An overview over BLOBs in PostgreSQL
Published on December 09, 2024 by Stefanie Janine Stölting
PostgreSQL timetravel partitions
20 min READ
Until PostgreSQL 6.2 had time travel implemented in its core. It has been removed in PostgreSQL 6.3.
It is possible to implement time travel without any extension into PostgreSQL.
I gave a talk about it at PGDay/MED 2024, the idea of the talk started with writing this blog post.
The slides are available on GitLab.
There is a simple solution, but that might become slow with more data and extensive updated data. Hans-Jürgen Schönig has written about it in his blog post in 2019 about AS OF-queries.
The only problem is, that the trigger function is throwing errors on PostgreSQL 17. I have not tested it with older PostgreSQL versions.
But this is solvable by chaning the function.
The idea to this blog post started with a talk by Ryan Booz, Postgres Table Partitioning.
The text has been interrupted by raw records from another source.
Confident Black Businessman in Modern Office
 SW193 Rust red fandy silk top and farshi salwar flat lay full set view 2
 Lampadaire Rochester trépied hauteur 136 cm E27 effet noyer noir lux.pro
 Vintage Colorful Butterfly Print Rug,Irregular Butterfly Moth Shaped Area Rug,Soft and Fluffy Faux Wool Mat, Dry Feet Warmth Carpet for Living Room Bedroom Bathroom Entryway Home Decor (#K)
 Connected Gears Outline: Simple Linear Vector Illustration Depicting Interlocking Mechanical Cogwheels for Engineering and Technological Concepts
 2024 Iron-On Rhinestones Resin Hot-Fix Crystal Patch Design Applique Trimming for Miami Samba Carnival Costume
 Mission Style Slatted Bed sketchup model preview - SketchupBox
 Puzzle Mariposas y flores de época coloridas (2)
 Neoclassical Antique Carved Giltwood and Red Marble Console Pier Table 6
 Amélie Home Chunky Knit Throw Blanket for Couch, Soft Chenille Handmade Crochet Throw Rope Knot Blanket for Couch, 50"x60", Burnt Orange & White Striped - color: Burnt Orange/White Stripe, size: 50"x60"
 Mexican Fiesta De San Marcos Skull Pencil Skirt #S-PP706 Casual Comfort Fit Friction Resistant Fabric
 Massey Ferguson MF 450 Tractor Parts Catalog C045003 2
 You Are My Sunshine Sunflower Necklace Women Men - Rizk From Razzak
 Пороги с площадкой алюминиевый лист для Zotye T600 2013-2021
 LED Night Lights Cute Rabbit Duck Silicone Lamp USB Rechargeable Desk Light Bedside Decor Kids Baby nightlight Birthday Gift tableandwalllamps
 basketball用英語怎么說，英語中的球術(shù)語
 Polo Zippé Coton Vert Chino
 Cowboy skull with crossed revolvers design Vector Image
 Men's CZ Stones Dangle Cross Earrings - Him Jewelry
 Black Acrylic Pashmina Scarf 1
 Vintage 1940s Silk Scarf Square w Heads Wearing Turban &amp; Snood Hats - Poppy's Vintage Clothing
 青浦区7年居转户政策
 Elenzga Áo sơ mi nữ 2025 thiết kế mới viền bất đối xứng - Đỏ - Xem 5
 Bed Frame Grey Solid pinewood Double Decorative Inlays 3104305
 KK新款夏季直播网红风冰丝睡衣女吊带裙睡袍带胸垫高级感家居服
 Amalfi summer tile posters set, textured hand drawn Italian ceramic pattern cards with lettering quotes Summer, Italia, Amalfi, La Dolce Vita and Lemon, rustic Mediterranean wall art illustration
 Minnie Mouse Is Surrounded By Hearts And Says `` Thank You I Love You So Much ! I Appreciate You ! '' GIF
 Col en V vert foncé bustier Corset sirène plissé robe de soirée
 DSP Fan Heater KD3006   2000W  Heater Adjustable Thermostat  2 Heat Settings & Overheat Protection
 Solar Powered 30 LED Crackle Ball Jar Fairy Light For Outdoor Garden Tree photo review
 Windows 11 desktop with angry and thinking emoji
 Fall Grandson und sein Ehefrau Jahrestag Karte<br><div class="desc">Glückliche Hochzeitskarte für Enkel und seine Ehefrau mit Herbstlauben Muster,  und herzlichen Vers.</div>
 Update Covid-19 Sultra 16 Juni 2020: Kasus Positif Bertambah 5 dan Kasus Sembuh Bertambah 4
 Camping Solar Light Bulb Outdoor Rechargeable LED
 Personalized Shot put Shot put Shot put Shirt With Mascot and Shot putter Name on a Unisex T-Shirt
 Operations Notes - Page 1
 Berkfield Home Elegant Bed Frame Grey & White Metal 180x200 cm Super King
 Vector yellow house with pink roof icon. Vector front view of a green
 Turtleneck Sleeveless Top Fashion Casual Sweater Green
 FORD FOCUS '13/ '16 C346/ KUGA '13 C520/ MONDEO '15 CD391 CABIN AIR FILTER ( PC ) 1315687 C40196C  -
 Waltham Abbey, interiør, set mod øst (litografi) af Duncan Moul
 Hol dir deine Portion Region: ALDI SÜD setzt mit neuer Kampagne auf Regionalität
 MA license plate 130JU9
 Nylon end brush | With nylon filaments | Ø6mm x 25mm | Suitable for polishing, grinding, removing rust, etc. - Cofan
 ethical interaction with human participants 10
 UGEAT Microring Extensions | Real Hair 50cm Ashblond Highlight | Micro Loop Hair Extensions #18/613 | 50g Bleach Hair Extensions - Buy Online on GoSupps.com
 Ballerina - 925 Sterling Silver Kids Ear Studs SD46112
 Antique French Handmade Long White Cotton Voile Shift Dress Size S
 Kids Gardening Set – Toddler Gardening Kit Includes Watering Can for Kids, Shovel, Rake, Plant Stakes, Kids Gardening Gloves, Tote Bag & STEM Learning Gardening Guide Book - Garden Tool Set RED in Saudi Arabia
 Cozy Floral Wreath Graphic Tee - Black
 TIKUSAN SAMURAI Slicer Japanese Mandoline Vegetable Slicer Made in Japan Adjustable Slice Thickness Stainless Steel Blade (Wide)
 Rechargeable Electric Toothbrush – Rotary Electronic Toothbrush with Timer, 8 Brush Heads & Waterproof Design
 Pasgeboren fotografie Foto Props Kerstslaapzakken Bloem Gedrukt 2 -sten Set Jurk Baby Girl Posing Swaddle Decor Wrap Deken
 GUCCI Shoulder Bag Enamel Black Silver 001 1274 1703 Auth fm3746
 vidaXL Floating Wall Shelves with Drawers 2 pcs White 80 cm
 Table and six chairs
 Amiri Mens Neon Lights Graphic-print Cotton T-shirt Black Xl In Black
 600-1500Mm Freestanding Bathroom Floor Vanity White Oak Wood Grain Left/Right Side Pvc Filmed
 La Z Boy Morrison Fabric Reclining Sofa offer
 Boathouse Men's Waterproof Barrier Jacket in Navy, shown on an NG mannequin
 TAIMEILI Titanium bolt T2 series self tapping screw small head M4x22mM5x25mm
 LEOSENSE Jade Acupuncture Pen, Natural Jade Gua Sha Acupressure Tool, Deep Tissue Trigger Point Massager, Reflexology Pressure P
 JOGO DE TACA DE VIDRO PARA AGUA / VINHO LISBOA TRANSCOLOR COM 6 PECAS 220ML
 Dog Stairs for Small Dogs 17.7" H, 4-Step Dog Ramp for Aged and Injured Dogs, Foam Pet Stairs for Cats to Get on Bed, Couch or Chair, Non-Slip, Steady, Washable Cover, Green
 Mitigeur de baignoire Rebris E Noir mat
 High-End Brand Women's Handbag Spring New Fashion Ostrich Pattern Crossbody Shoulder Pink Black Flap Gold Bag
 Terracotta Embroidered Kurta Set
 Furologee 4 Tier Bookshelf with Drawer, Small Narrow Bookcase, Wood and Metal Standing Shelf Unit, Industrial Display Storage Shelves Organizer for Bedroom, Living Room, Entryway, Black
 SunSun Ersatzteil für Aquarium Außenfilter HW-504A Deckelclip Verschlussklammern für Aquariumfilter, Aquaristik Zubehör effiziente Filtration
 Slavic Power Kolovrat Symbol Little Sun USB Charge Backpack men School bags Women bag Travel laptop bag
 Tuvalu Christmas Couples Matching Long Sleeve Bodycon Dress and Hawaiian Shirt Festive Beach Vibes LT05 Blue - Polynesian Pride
For the start weU need a table, that will held the unique numeric identifiers as they need to be unique over all partitions. That feature is not supported by PostgreSQL by now.
Therefore we create a table which will only contain the identifiers. The table and it’s primary key will be small and PostgreSQL will not face any problems holding it in memory.
Creating the primary key table:
-- Creates the primary key table which will also keep the creation timestamp
CREATE TABLE timetravel_pk (
timetravelid BIGINT GENERATED ALWAYS AS IDENTITY,
created TIMESTAMP WITH TIME ZONE NOT NULL DEFAULT clock_timestamp(),
CONSTRAINT timetravle_pk_pk PRIMARY KEY (timetravelid)
);
The table with the time travel data will later reference to this table in a foreign key.
To only store the time when the id has been created once, the timestamp holding that data is located in this table.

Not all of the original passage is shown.